START Supplied material

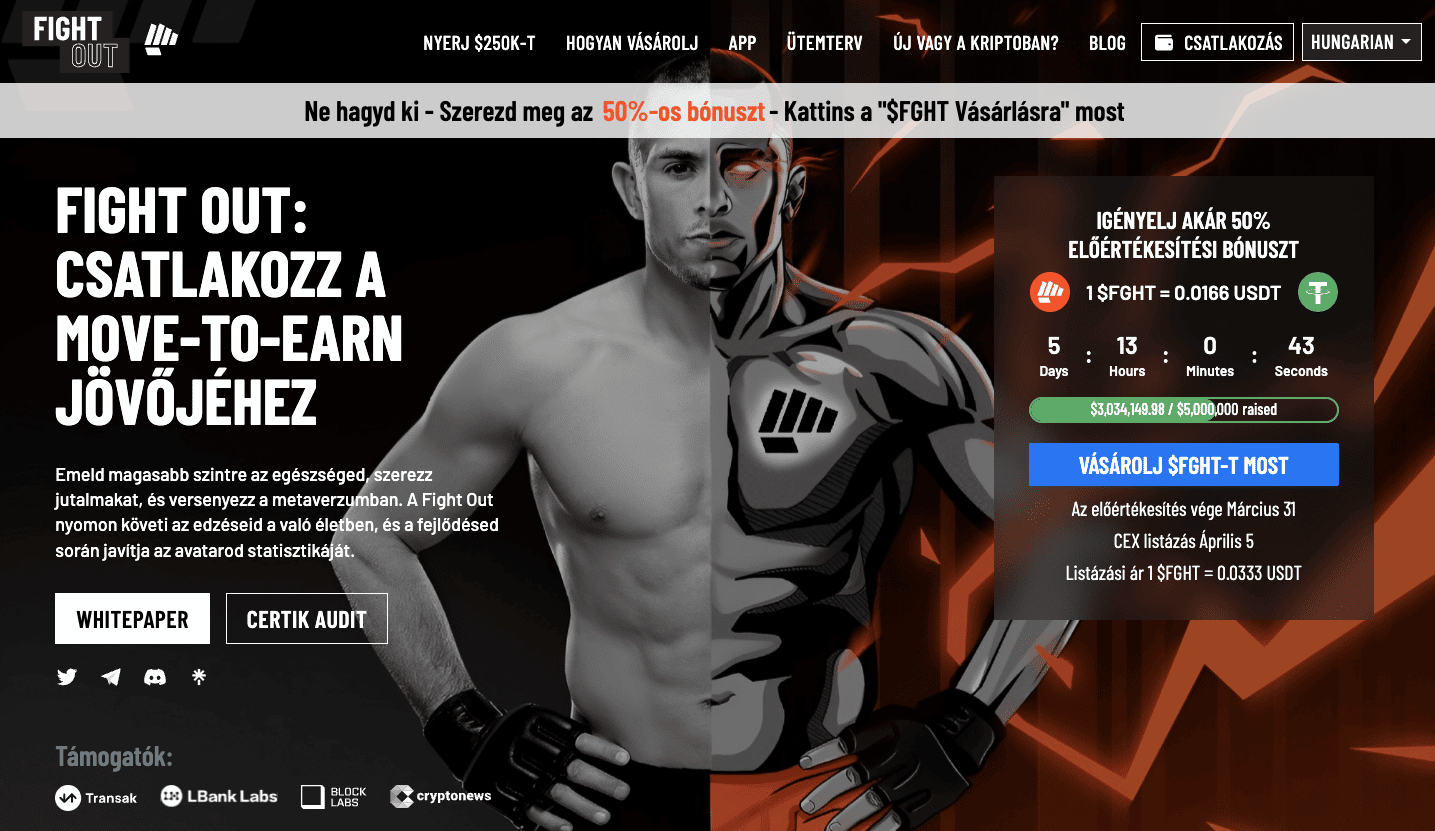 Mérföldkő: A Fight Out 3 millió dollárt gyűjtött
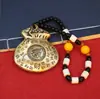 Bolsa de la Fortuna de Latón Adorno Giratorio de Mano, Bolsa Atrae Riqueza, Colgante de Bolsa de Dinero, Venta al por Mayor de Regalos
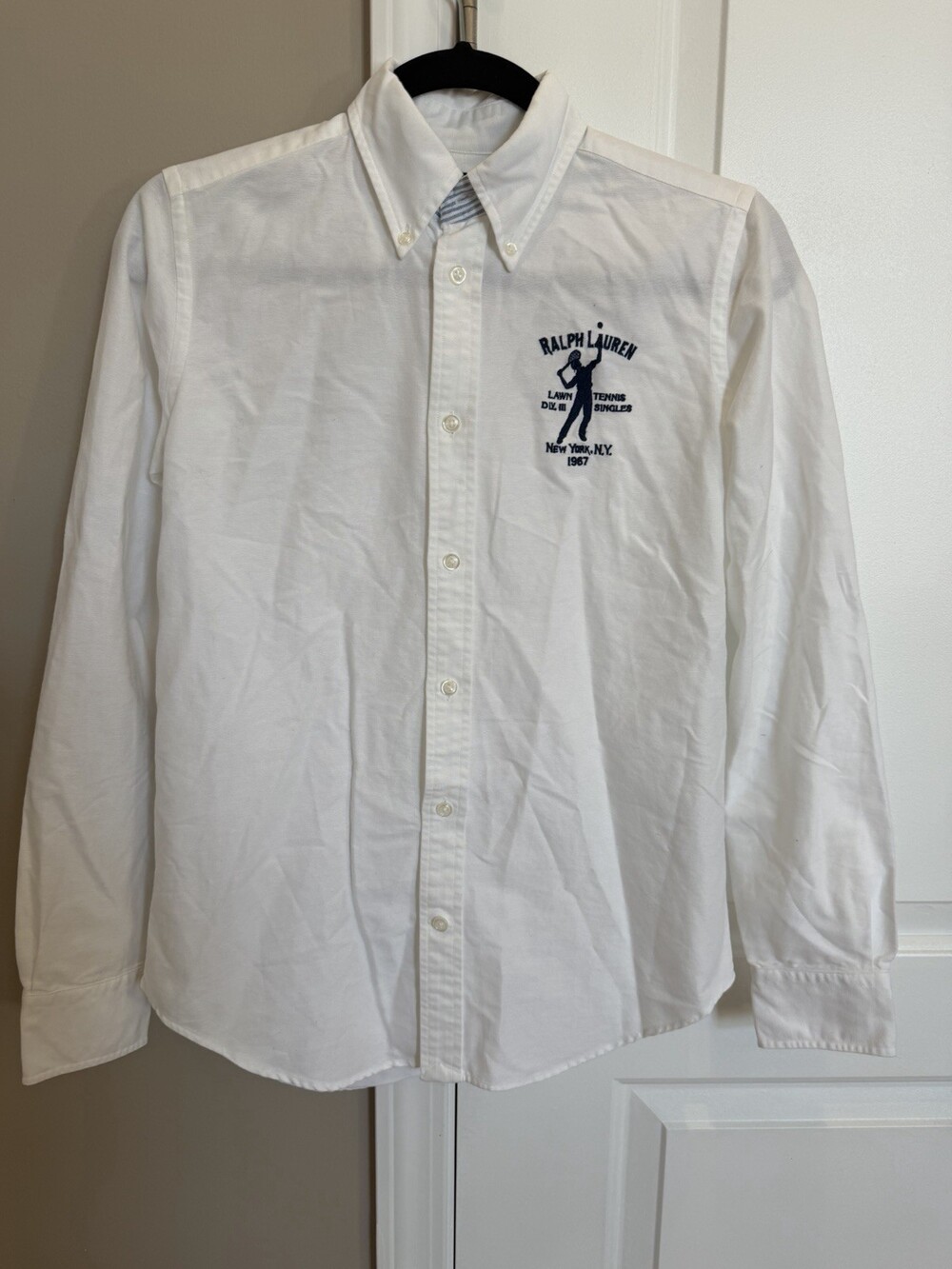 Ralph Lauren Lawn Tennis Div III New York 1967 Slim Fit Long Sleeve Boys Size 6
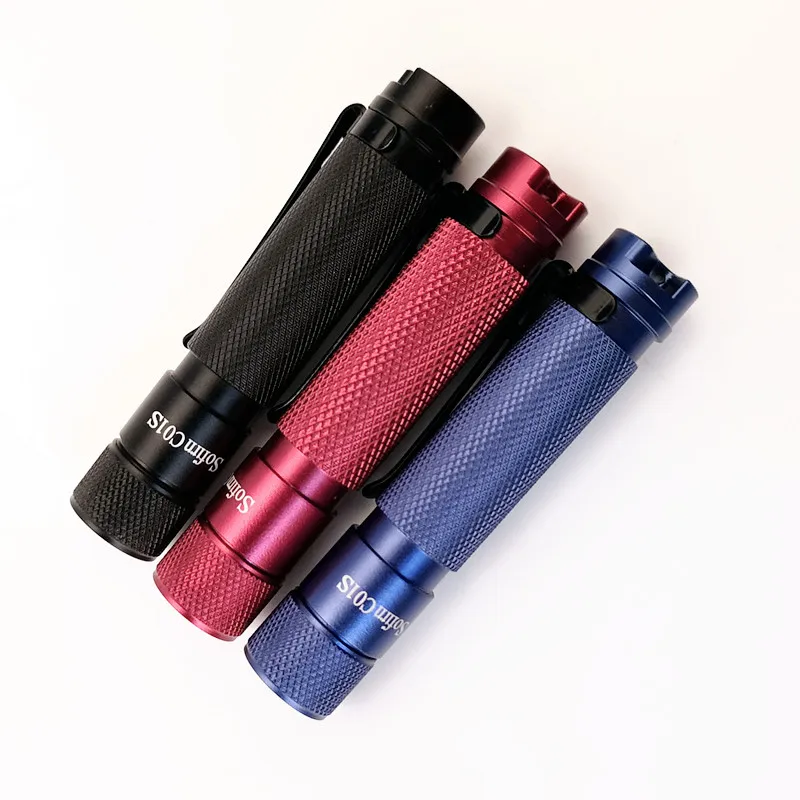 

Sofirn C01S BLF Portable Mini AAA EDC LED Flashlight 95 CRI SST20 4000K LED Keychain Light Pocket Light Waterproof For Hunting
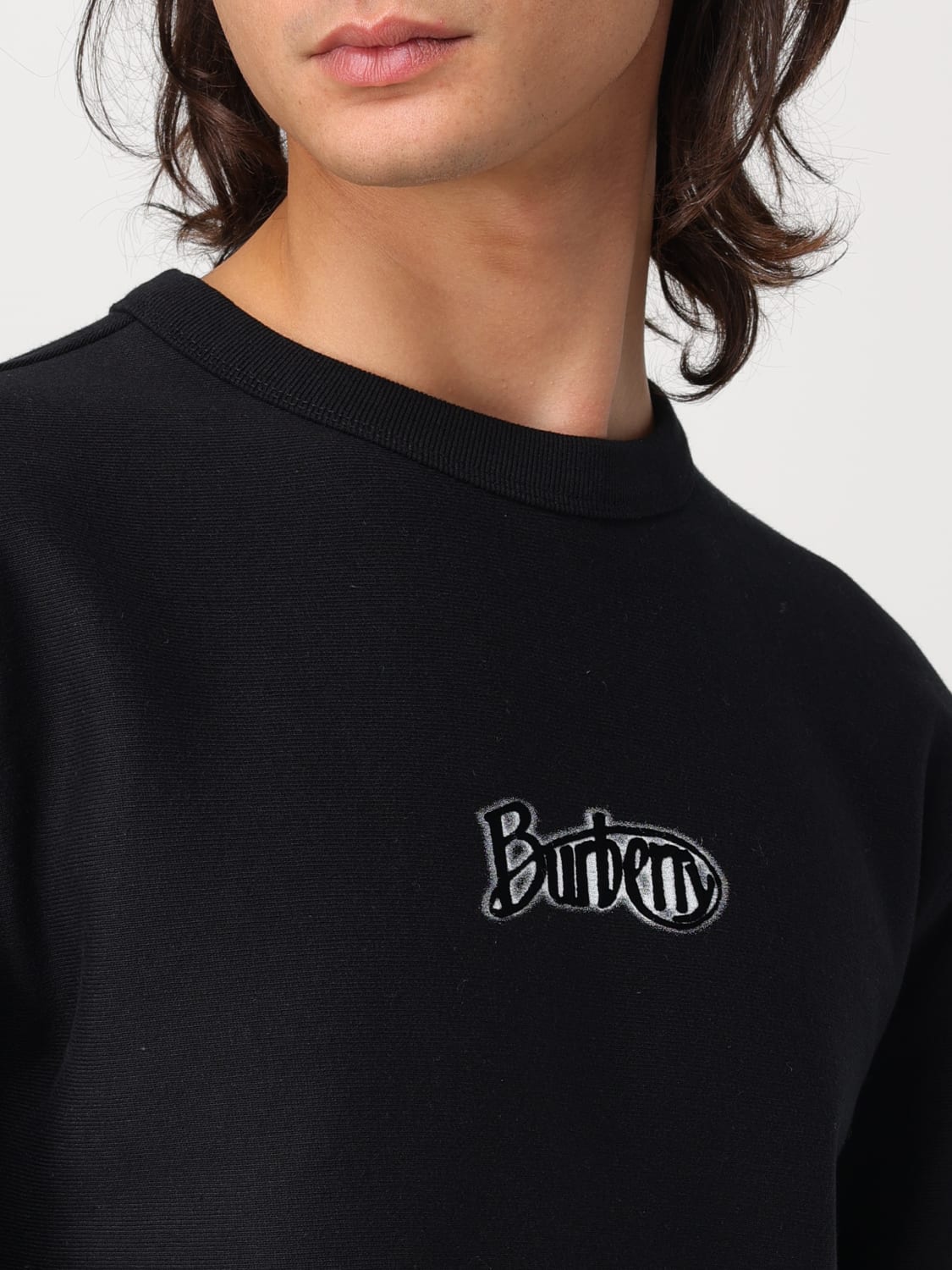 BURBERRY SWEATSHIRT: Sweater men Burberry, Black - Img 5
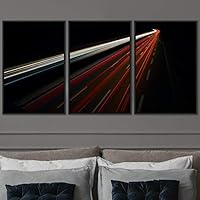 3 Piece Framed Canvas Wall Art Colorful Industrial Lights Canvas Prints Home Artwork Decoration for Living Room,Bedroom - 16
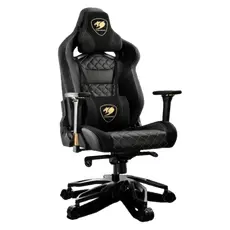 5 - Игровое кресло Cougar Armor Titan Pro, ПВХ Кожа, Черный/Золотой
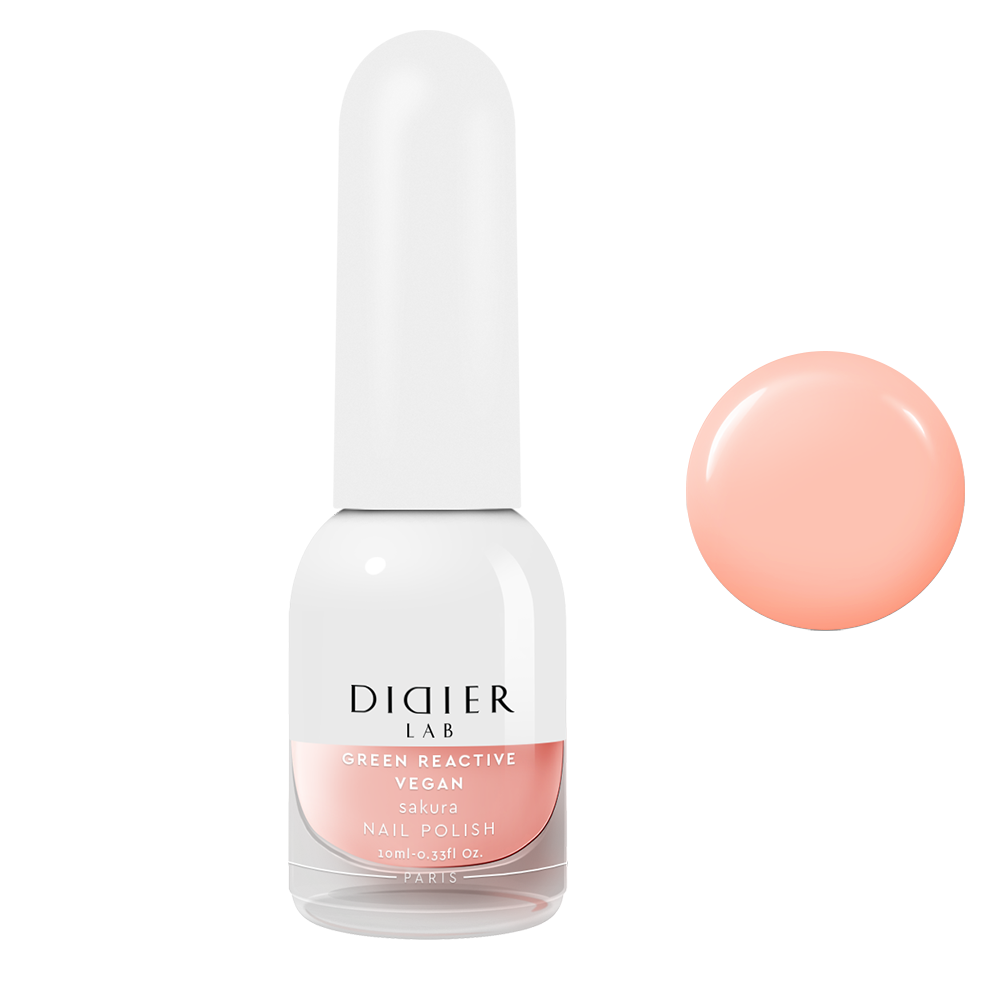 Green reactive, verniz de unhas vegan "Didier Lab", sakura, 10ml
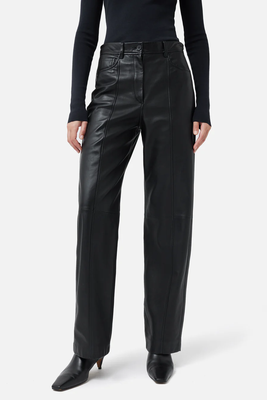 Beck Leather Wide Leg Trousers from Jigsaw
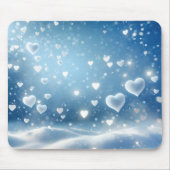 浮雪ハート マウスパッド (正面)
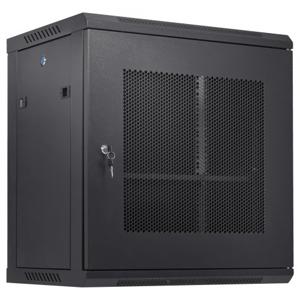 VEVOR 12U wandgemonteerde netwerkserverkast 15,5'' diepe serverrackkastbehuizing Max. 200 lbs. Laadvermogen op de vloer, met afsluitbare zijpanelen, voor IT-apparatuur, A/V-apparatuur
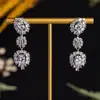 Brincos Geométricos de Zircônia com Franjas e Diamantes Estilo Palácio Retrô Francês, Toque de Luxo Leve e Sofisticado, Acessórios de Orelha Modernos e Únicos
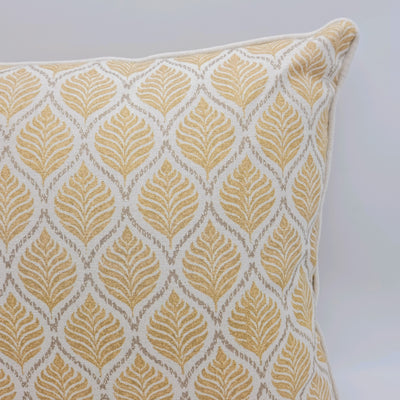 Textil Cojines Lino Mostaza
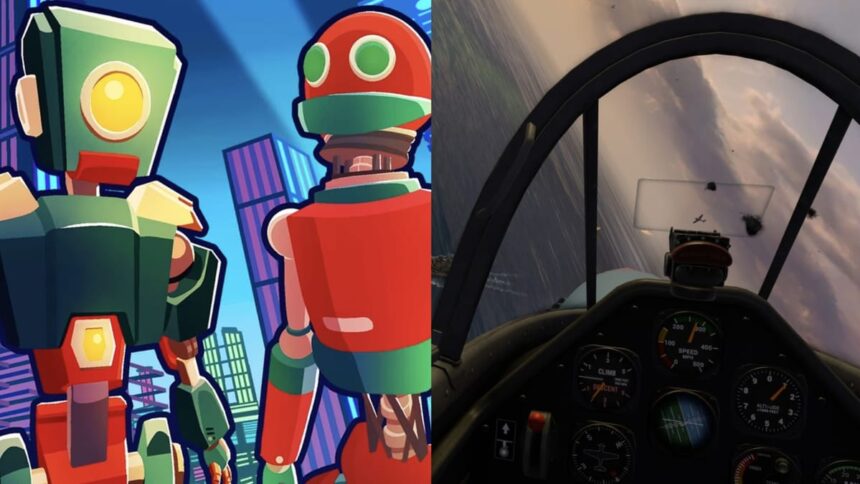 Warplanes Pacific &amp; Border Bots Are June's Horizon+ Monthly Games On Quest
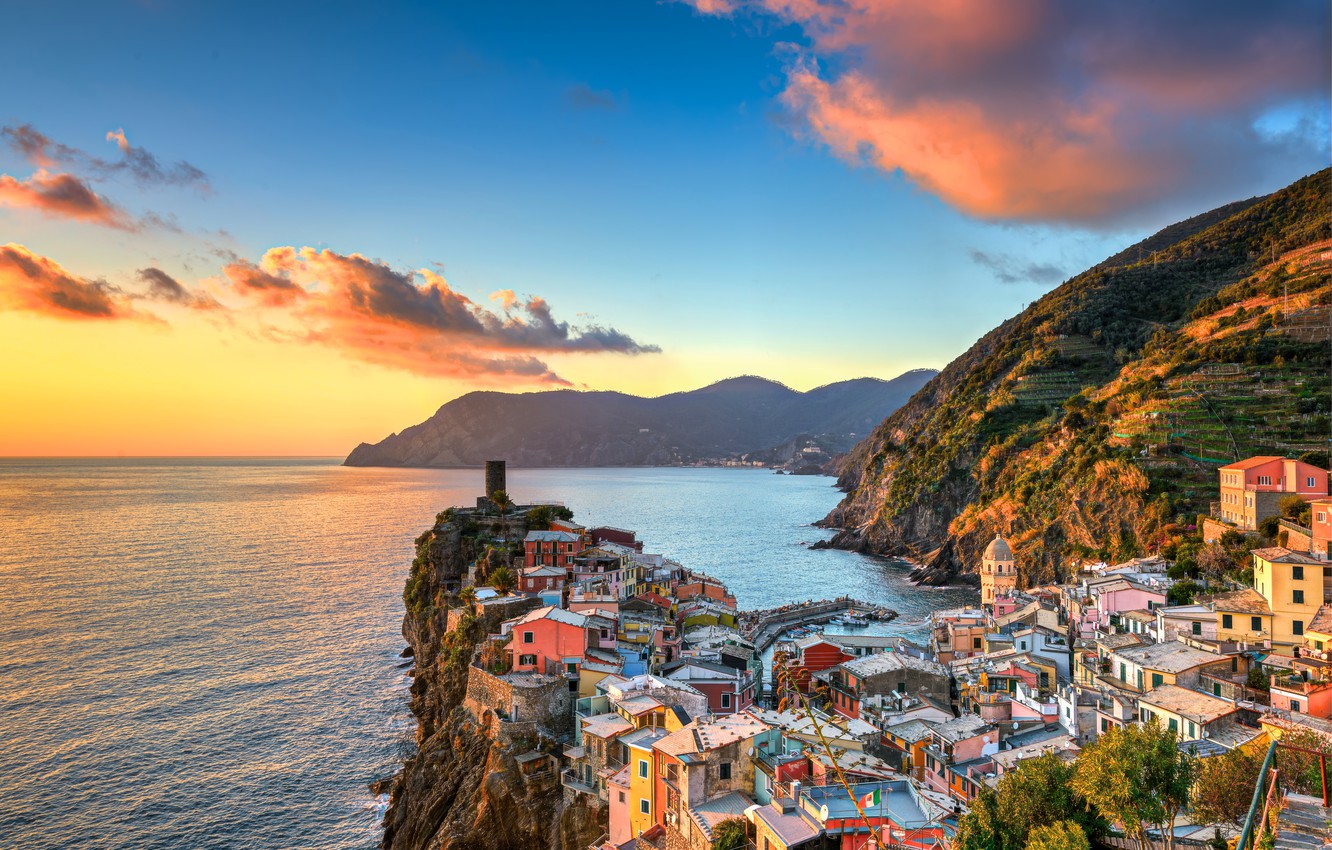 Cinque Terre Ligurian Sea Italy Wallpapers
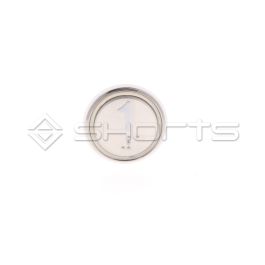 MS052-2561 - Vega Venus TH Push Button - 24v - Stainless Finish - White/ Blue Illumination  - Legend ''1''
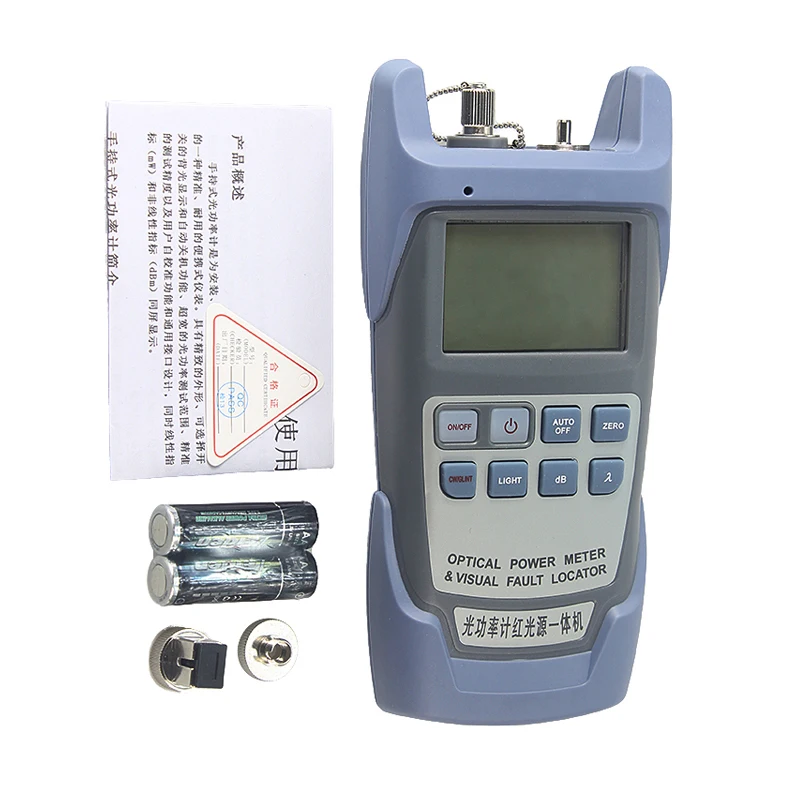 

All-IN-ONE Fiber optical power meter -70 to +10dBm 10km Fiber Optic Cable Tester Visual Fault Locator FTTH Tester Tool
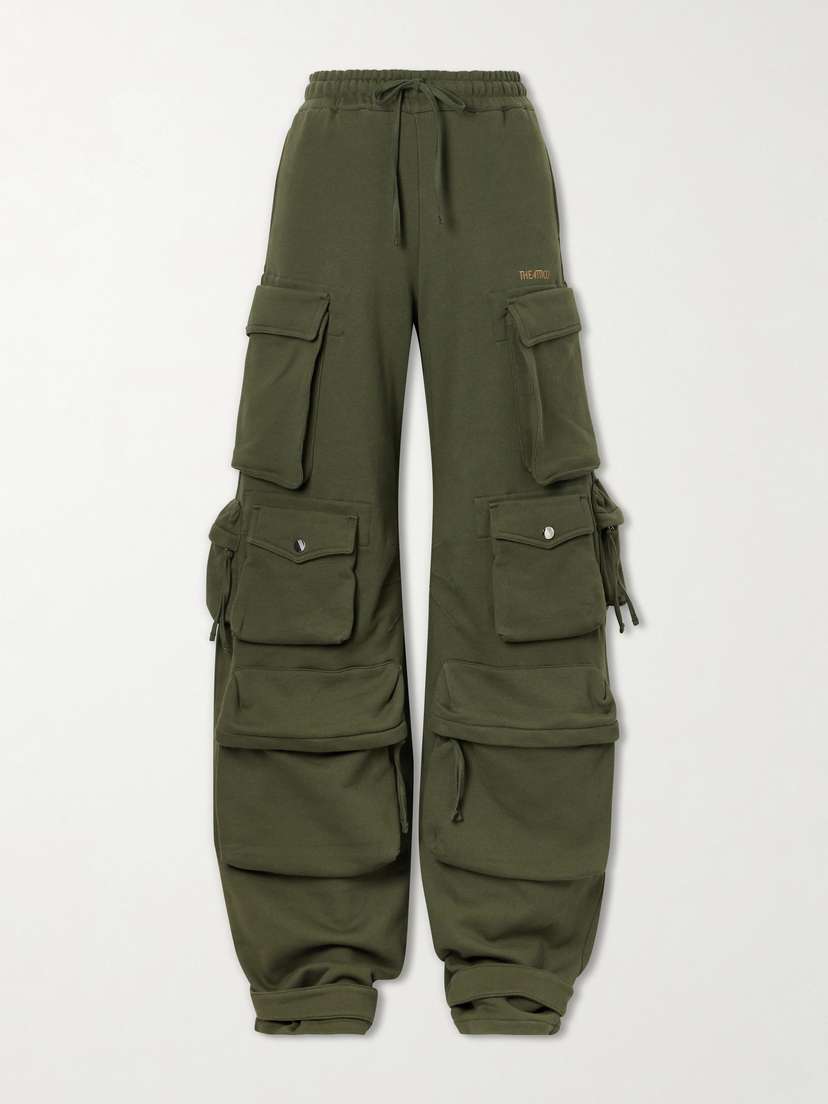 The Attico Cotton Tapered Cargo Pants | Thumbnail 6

END Supplied material

Only the lines from the one that holds "Sofirn C01S BLF" through the end of the records above should be printed again, exactly as they are. Leave out the pictures.

Answer to this exercise:
Sofirn C01S BLF Portable Mini AAA EDC LED Flashlight 95 CRI SST20 4000K LED Keychain Light Pocket Light Waterproof For Hunting
 BURBERRY SWEATSHIRT: Sweater men Burberry, Black - Img 5
 3 Piece Framed Canvas Wall Art Colorful Industrial Lights Canvas Prints Home Artwork Decoration for Living Room,Bedroom - 16
 5 - Игровое кресло Cougar Armor Titan Pro, ПВХ Кожа, Черный/Золотой
 Green reactive, verniz de unhas vegan "Didier Lab", sakura, 10ml
 Beck Leather Wide Leg Trousers from Jigsaw
 浮雪ハート マウスパッド (正面)
 VEVOR 12U wandgemonteerde netwerkserverkast 15,5'' diepe serverrackkastbehuizing Max. 200 lbs. Laadvermogen op de vloer, met afsluitbare zijpanelen, voor IT-apparatuur, A/V-apparatuur
 Brincos Geométricos de Zircônia com Franjas e Diamantes Estilo Palácio Retrô Francês, Toque de Luxo Leve e Sofisticado, Acessórios de Orelha Modernos e Únicos
 Textil Cojines Lino Mostaza
 Warplanes Pacific &amp; Border Bots Are June's Horizon+ Monthly Games On Quest
 Cinque Terre Ligurian Sea Italy Wallpapers
 MS052-2561 - Vega Venus TH Push Button - 24v - Stainless Finish - White/ Blue Illumination  - Legend ''1''

All-IN-ONE Fiber optical power meter -70 to +10dBm 10km Fiber Optic Cable Tester Visual Fault Locator FTTH Tester Tool
 The Attico Cotton Tapered Cargo Pants | Thumbnail 6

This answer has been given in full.